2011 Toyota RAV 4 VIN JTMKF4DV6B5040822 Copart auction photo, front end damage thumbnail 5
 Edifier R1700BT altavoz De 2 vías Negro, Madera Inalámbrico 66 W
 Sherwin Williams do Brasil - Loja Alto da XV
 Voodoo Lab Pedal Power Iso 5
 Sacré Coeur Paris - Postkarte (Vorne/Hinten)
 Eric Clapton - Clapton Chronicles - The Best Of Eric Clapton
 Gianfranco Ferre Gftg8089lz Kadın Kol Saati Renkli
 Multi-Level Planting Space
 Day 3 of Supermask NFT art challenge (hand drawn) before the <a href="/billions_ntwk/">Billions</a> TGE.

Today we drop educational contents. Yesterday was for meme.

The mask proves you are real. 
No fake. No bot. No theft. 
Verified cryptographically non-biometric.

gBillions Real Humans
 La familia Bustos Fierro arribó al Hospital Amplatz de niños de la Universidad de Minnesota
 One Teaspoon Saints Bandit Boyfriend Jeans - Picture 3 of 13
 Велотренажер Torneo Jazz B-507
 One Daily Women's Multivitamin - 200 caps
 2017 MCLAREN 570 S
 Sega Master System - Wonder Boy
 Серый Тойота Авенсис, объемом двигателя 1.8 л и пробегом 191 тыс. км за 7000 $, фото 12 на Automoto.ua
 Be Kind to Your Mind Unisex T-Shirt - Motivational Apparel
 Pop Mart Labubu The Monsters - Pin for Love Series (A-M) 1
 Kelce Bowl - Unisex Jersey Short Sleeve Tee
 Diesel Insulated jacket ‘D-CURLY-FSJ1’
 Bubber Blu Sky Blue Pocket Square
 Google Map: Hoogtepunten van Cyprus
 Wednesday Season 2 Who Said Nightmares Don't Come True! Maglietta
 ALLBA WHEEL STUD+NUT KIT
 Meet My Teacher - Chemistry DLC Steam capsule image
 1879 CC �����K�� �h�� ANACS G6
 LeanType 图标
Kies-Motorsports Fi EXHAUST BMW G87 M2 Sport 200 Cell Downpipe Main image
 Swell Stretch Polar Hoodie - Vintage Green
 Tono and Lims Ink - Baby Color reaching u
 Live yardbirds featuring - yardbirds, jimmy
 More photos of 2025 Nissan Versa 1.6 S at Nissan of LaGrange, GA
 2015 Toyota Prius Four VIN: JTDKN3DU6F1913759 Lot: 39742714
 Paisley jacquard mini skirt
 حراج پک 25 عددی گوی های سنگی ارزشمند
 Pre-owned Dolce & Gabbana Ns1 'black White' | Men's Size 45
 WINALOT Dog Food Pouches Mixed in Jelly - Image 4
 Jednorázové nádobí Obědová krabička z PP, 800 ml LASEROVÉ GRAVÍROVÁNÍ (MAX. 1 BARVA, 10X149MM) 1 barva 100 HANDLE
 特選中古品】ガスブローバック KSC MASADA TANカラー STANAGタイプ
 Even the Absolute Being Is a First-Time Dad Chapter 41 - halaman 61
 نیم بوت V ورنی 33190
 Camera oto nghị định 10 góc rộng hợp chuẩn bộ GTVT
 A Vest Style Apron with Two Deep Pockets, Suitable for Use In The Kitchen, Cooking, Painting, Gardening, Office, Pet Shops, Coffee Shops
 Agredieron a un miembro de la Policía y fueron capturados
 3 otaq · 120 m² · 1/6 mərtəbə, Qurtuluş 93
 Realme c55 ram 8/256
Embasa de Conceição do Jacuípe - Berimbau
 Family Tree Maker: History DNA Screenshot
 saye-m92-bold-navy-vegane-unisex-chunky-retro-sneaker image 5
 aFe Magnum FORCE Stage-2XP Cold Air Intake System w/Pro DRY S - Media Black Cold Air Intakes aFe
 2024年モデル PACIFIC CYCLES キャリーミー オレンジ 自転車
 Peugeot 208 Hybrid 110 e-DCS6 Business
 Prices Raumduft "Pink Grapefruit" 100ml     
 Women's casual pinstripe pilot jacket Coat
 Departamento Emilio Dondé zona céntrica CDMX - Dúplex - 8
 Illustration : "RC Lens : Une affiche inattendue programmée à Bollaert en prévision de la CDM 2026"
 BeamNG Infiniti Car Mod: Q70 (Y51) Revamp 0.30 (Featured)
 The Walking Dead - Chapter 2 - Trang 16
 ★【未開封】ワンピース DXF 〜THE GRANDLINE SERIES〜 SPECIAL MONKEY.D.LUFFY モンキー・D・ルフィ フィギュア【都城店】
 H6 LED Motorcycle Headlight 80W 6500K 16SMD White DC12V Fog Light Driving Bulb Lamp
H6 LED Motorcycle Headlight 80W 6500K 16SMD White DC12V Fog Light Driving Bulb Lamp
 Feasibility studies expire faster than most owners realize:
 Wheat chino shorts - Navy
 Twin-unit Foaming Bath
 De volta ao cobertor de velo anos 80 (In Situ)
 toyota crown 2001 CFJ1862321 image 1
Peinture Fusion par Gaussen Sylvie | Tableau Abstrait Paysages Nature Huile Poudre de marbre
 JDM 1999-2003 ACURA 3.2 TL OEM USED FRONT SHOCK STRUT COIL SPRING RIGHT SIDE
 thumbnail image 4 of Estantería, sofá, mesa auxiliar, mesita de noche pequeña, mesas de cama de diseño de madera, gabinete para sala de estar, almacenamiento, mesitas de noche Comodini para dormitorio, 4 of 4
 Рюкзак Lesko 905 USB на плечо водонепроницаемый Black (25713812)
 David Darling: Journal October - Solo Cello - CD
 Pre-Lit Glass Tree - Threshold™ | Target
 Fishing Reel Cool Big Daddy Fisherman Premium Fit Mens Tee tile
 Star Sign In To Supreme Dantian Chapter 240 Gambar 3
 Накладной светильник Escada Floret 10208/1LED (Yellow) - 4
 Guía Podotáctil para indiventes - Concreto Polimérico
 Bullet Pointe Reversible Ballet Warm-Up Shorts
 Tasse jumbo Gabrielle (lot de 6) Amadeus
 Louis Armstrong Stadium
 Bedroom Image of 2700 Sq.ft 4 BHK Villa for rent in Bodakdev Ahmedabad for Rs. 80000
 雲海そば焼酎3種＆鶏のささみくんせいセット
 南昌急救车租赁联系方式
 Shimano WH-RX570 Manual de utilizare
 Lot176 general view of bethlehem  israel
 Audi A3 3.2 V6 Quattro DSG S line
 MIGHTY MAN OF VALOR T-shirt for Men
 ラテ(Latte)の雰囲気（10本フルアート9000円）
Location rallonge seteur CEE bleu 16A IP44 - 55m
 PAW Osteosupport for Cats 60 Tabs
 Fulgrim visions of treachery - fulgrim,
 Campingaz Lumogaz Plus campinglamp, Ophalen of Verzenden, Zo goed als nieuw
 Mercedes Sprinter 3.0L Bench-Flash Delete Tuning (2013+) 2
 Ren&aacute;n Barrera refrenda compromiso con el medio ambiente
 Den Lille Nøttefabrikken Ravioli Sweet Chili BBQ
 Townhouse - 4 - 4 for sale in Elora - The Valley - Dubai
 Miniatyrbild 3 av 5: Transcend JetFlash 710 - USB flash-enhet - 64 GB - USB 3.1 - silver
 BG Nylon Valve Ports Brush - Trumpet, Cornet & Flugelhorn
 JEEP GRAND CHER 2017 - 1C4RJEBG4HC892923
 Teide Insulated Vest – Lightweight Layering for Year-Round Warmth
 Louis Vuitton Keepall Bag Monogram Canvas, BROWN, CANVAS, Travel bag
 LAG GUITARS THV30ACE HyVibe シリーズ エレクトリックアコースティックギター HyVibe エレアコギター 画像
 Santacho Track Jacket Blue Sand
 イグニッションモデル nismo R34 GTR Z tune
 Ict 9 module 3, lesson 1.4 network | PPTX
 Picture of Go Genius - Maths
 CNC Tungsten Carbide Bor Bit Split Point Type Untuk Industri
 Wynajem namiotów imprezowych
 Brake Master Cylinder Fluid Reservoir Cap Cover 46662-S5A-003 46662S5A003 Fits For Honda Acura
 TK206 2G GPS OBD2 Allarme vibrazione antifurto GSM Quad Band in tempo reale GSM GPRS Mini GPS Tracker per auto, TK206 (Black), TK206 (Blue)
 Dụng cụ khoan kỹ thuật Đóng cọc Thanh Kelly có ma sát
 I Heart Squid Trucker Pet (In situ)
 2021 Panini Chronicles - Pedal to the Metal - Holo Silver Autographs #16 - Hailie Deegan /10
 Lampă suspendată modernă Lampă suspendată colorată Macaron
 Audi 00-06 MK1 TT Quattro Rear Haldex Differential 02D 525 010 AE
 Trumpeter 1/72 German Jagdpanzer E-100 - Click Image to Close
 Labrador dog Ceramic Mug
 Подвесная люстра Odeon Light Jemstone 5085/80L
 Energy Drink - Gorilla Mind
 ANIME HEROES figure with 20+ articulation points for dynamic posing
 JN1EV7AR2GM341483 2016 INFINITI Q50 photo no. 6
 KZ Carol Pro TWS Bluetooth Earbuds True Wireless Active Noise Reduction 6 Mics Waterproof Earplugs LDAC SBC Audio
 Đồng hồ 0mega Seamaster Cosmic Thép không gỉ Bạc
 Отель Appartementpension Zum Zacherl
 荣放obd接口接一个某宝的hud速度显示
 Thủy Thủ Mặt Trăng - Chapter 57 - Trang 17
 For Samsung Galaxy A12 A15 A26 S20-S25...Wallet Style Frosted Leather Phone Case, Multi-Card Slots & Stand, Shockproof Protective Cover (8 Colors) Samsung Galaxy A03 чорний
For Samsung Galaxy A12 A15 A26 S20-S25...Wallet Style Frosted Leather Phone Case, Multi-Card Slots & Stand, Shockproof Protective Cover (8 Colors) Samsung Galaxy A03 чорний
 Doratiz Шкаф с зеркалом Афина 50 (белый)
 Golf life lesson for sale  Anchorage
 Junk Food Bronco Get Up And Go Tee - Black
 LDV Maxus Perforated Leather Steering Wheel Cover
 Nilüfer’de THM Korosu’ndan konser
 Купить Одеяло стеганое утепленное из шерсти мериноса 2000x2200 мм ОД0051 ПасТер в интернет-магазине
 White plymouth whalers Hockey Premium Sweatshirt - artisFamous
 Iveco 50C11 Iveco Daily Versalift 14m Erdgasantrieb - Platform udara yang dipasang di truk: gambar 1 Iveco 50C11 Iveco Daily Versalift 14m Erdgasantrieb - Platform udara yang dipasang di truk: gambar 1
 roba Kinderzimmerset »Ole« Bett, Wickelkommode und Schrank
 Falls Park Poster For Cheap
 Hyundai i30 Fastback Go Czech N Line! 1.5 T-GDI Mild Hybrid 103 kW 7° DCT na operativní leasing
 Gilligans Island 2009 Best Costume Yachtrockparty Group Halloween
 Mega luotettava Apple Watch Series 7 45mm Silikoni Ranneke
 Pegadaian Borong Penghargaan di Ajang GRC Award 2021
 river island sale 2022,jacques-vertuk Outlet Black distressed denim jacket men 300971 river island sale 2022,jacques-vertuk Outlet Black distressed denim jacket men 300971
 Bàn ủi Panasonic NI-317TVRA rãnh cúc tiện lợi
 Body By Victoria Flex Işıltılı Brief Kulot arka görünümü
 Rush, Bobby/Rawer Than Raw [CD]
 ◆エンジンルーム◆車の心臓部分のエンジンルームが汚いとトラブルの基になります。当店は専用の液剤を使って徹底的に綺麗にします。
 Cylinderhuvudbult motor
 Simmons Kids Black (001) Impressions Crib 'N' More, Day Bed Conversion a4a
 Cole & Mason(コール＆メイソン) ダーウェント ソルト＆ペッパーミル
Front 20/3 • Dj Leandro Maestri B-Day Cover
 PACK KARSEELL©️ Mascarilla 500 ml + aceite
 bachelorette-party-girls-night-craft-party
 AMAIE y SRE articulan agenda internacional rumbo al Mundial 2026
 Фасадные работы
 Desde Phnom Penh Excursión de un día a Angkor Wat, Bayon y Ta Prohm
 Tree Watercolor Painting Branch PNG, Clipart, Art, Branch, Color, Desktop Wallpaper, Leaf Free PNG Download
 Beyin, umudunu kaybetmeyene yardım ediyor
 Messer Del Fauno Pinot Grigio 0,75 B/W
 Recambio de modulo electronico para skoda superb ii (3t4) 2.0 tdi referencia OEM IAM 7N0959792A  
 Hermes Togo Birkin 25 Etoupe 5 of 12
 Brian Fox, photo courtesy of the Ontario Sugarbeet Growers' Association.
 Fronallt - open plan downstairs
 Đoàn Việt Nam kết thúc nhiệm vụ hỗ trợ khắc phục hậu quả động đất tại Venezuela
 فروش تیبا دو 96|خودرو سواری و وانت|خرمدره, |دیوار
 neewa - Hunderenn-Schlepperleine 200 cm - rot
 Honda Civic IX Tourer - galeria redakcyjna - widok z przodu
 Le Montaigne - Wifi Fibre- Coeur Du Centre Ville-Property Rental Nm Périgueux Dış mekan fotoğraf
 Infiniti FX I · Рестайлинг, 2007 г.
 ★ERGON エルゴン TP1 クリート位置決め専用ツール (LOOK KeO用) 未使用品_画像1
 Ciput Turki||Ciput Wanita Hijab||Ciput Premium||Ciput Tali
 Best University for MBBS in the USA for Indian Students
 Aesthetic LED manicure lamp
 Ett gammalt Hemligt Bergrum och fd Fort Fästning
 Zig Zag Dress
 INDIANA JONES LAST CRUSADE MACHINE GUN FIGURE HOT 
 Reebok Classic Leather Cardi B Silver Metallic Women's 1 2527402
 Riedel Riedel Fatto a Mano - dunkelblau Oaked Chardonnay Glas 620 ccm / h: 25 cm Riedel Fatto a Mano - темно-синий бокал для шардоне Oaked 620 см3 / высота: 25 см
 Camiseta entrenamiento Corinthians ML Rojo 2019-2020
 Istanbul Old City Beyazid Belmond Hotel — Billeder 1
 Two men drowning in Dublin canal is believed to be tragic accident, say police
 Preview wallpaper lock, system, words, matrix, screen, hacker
☆ ☆ ☆ ☆
◆ EXERCISE DETAILS
Copy the lines from the start of the data verbatim, stopping after the line containing "Велотренажер Torneo Jazz B-507".

◆ TASK ANSWER
2011 Toyota RAV 4 VIN JTMKF4DV6B5040822 Copart auction photo, front end damage thumbnail 5
 Edifier R1700BT altavoz De 2 vías Negro, Madera Inalámbrico 66 W
 Sherwin Williams do Brasil - Loja Alto da XV
 Voodoo Lab Pedal Power Iso 5
 Sacré Coeur Paris - Postkarte (Vorne/Hinten)
 Eric Clapton - Clapton Chronicles - The Best Of Eric Clapton
 Gianfranco Ferre Gftg8089lz Kadın Kol Saati Renkli
 Multi-Level Planting Space
 Day 3 of Supermask NFT art challenge (hand drawn) before the <a href="/billions_ntwk/">Billions</a> TGE.

Today we drop educational contents. Yesterday was for meme.

The mask proves you are real. 
No fake. No bot. No theft. 
Verified cryptographically non-biometric.

gBillions Real Humans
 La familia Bustos Fierro arribó al Hospital Amplatz de niños de la Universidad de Minnesota
 One Teaspoon Saints Bandit Boyfriend Jeans - Picture 3 of 13
 Велотренажер Torneo Jazz B-507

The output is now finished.